For many collectors, a perpetual calendar wristwatch could be the crown jewel of their collection. It’s an exercise in functional complexity, and last week Audemars Piguet dropped their latest piece with the impressive complication. That’s right, this new Audemars Piguet Royal Oak Perpetual Calendar is almost exclusively reserved for the Japanese market, fresh with an attractive salmon tone dial and titanium case and bracelet.
On its own, the Audemars Piguet Royal Oak Perpetual Calendar is a relatively well-known quantity. Communicating the day, date, month, leap-year, astronomical moon, and time is impressive for a watch that only measures 41mm in diameter and 9.5mm thick. But what makes this 300-piece limited edition so special is the metal it’s made from and the colour of its dial.
In an extremely unusual move from Audemars Piguet, the brand has released the watch in titanium, with the lightweight metal used for both the case and bracelet. Typically, AP produces the Royal Oak Perpetual Calendar collection in different gold or platinum alloys, and occasionally in steel, making titanium a very rare sight.
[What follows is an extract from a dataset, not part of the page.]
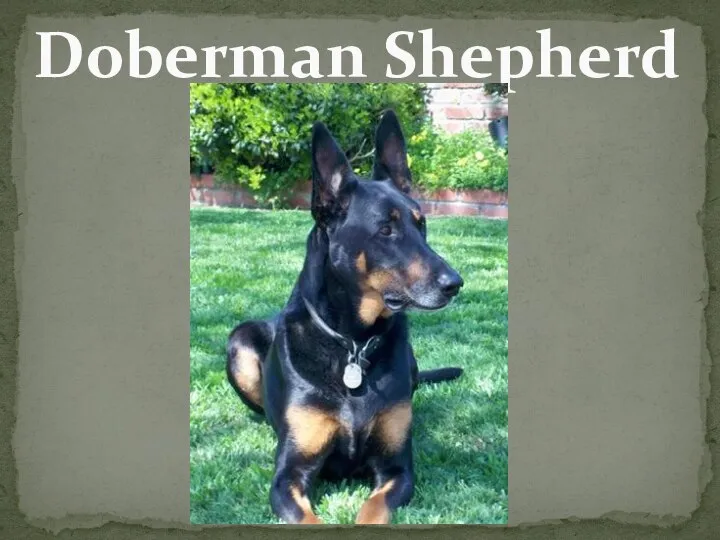Doberman Shepherd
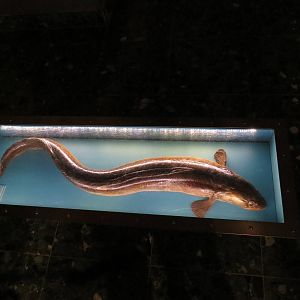 Conger eel, June 2015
Another rare sight is the salmon Grande Tapisserie dial, a tone that is revered among watch collectors for its rarity and delicate subtlety. With the combination of its dial colour and the case and bracelet metal, this is going to be a very collectible watch in the decades to come.
Powering this new Audemars Piguet Royal Oak Perpetual Calendar is the Calibre 5134, which contains a mind-boggling 374 components and has a 40-hour power reserve. It remains the thinnest perpetual calendar movement in the world with a full rotor.
Of the 300 pieces that were produced, 150 of them have been reserved for sale in Japan. Of those 150 pieces destined for Japanese shores, 100 will be sold by the legendary retailer Yoshida. Even with a price of CHF78,400 (AU$116,400), this reference is sure to sell out in a flash.